Thanx leverages proprietary integrations with Visa, Mastercard, and American express to allow consumers to earn loyalty progress when they use a card associated with their accounts when they make qualifying in-store purchases (digital purchases are automatically tracked without requiring enrollment of a card for loyalty). This requires the customer to enter their card and acknowledge that it will synchronize their purchases at participating locations with their account to earn rewards (purchases at non-participating businesses are not shared with Thanx or our merchant partners). This in turn powers the CRM’s automated marketing and targeting tools as well as provides valuable analytics to the brand.
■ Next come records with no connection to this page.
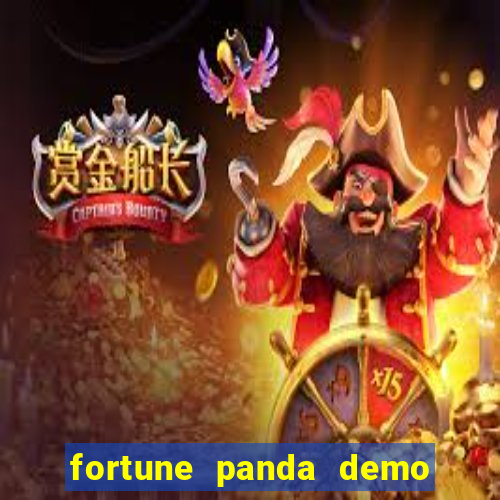 fortune panda demo red panda fortune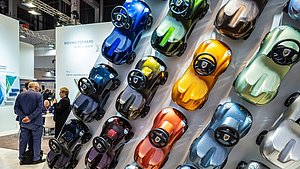 European Coatings Show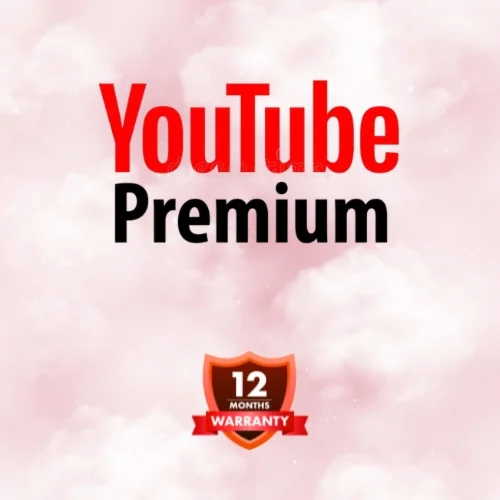 YouTube Premium (12-Month Plan) | Login-Free  | 100% Guaranteed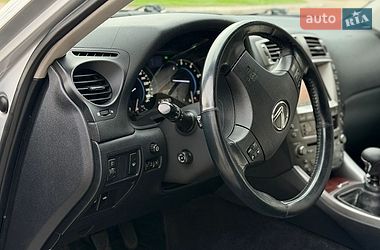 Седан Lexus IS 2007 в Черкассах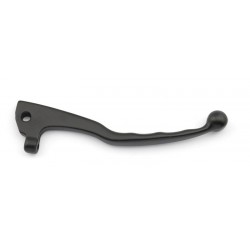 Levier V PARTS type origine aluminium moulé droit noir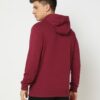 GAP Mens Regular Fit Logo Print Full Sleevesd Cotton Hoodie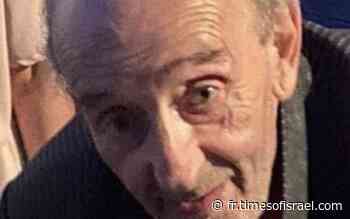 Lyon : vive émotion une semaine après la mort de René Hadjaj, 89 ans - The Times of Israël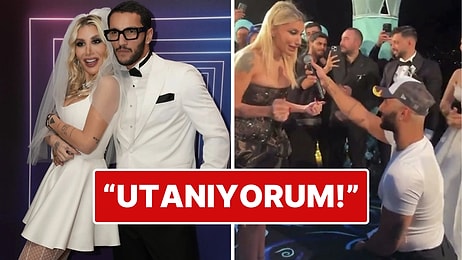 Rol Çaldı Denmişti: İrem Derici Başkasının Düğününde Evlenme Teklifi Almasıyla Gelen Eleştirilere Yanıt Verdi!
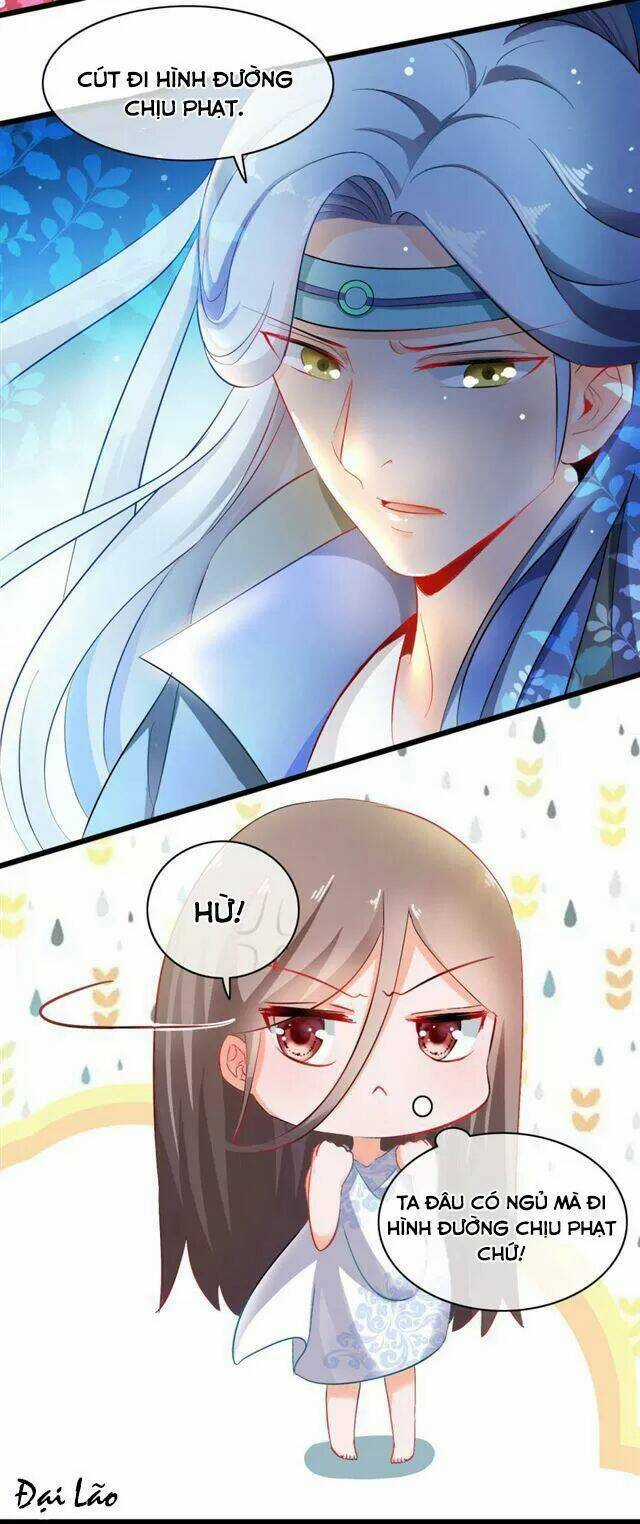 Nhặt Được Một Ma Tôn Đem Về Chăm Sóc Chapter 2.2 trang 22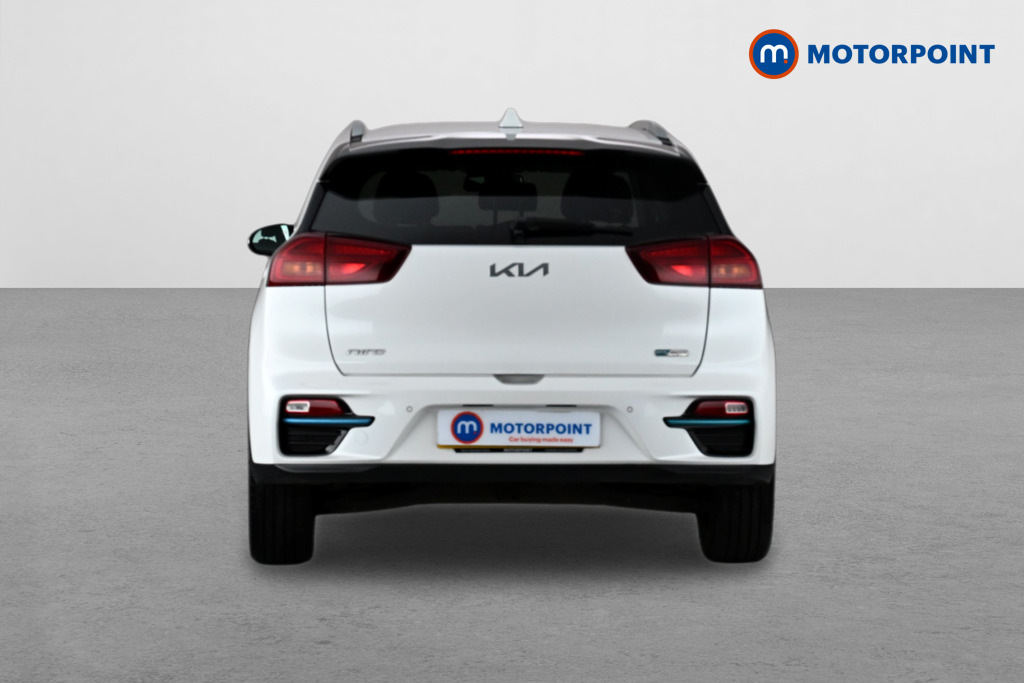 Kia e-Niro 150Kw 2 Long Range 64Kwh White #6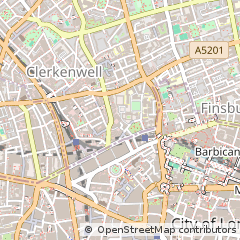 Map of London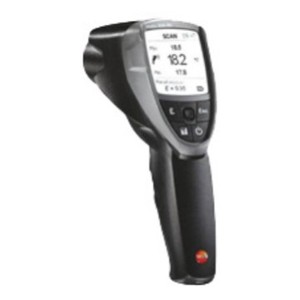 Termómetro Infrarrojo de Mano de Alta Precisión Sin Contacto Serie Testo Alemán, Termómetros Infrarrojos Serie Testo - Product Image 5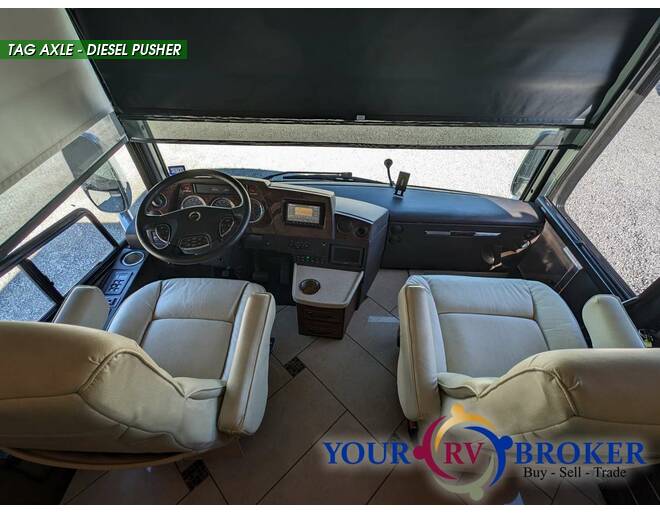 2013 Itasca Ellipse Freightliner 42GD Class A at Your RV Broker STOCK# FJ0835 Photo 8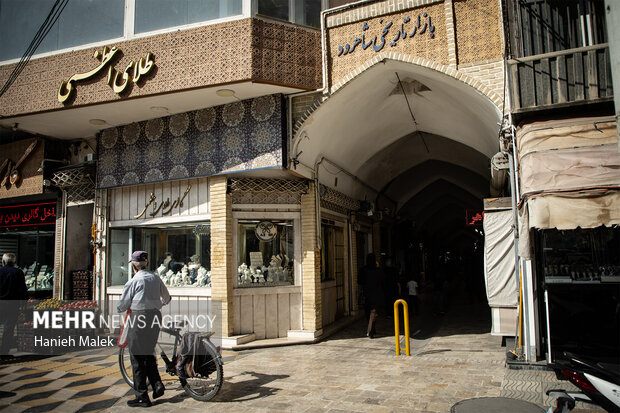 بازار تاریخی <a href='https://sayeb.ir/tag/%d8%b4%d8%a7%d9%87%d8%b1%d9%88%d8%af'></div>شاهرود</a>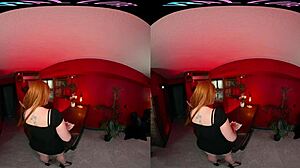 i watch vrallure's anal palmer session with big tits and ass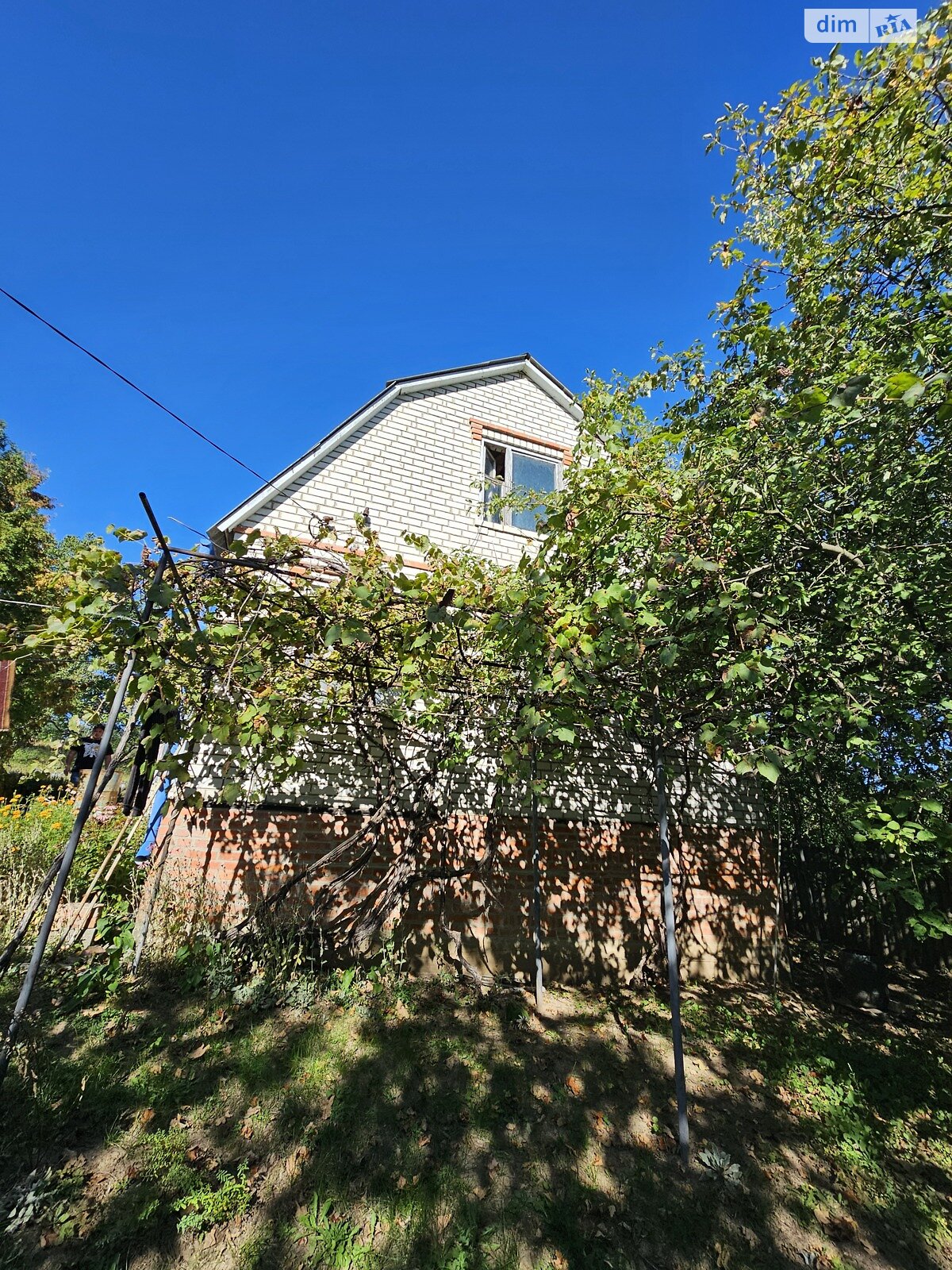 одноповерховий будинок з верандою, 39.2 кв. м, цегла. Продаж у Сазоно-Баланівці фото 1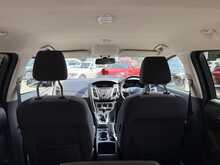 Ford Focus TDCi Zetec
It is best practice to promote card registration. This makes customer activity more visible to the business, and this lets customers know that they are missing out on the following loyalty benefits when they don’t have enrolled cards:

  • Automatically earning reward progress for in-store purchases
  • Unlocking the intro reward (if configured to require card)

For non-ordering focused apps i.e. malls, retail, etc, card capture at signup is particularly crucial; this is a time you have the users focus and attention, and can highlight the values and incentives for enrolling their card. Our studies show that if a customer doesn’t enroll a card within 2 minutes of creating an account they are unlikely to add one later.

This document outlines adding cards during a signup flow, capturing cards for loyalty tracking when making an online digital purchase, the ability to add cards proactively within account settings, and the ability to manage cards (remove them, etc).

How Thanx does this

Home page

Your home page can look like anything you want. Include a component on the home page to that encourages users to enroll a credit card for loyalty if they haven’t done so already. Without this UI customers would not know how, where, or why to enroll a card.

Users can see a component on the home page that encourages them to enroll a credit card if they want to automatically get reward progress for in-store purchases.

  • Tapping on this component takes the user to an interstitial page that tells a deeper store of why they should enroll their card. This page can look like anything you want so use this opportunity to explain the value of card enrollment to the customer using the brand’s graphics and tone.
  • After the interstitial the user is taken to the card registration form. The interstitial page is optional, so you can take users straight to the registration form if you choose.
  • Make this component appear only to logged in customers that don’t have any enrolled cards.

Rewards page

The rewards page uses a banner right below the points header to prompt the user to enroll a card. If the user has no card enrolled, the banner tells the user that they’re not earning points for in-store purchases. If a user already has cards enrolled, the banner tells the user how many cards they have.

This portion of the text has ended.